Unlike Genburten, ImperialHal remained in the lobby, refraining from firing his weapon until the server was shut down by admins. After attempting to queue for a regular ranked match, ImperialHal and teammate Verhulst were given bans and competitive cooldowns.
Apex creators suspect RCE exploit, call for mass uninstall
Following the shutdown, the Apex community was sent into a frenzy. While the source of the hack, Destroyer2009, was all but confirmed given the messages in the chat, the unknown method of the hack has left players and fans panicked.
One such theory is a remote code execution (RCE) exploit, which allows a hacker to execute code remotely on another PC. A vulnerability may exist in the Apex client or the game’s anti-cheat, Easy Anti-Cheat (EAC), that allowed Destroyer2009 to install cheats onto the player’s systems. As Apex runs on a modified version of Valve’s Source engine, one person believes an older RCE exploit may still exist and is in use by Destroyer2009.

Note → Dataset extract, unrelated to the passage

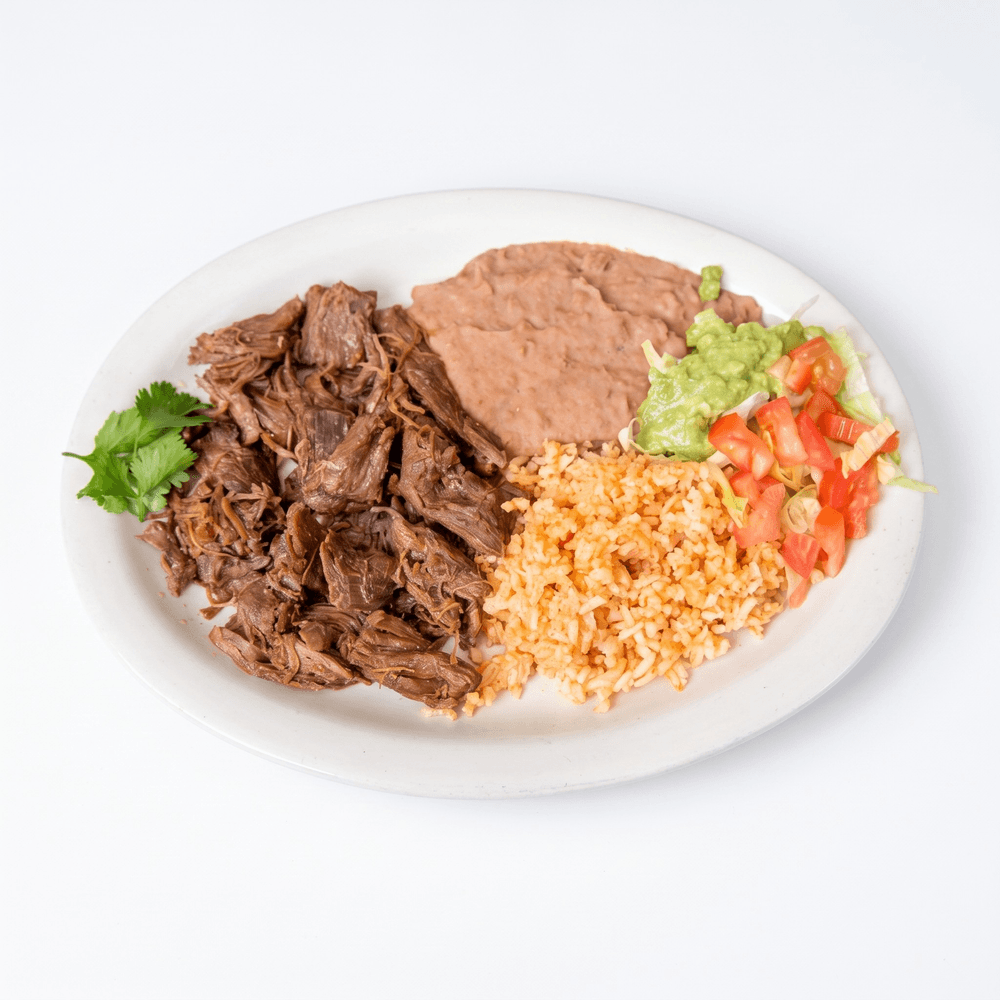 Asada [Grilled Meat] Plate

Destroyer2009 themselves claimed in a message to X user @AntiCheatPD that they were using a known RCE exploit. It’s a serious concern if the vulnerability exists in a game as huge as Apex, and many players are rightfully worried. AntiCheatPD, among others, is calling for players to immediately uninstall Apex until EA or Respawn addresses concerns publicly.

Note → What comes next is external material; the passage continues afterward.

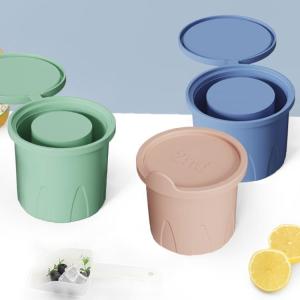 2個セット シリコン 製氷機 ビール 製氷器 ...の詳細画像4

ALGS NA delayed: Where to from here?
After admins shut down the server, the Apex Esports team postponed the ALGS NA final “due to the competitive integrity of this series being compromised.” It is unclear at this time when the ALGS NA final will resume, or whether other regions will be impacted. Dot Esports has reached out to the esports organizers for further details.
It’s clear many Apex fans are waiting for EA or Respawn to make a longer public statement addressing the security concerns, but for the good of competitive integrity, the esport cannot be allowed to operate until there is no way today’s actions can occur again. It’s a serious blight on the battle royale both casually and competitively, and the longer players are kept waiting, the more damage will be done to Apex in the long run.
This article will be updated with more developments.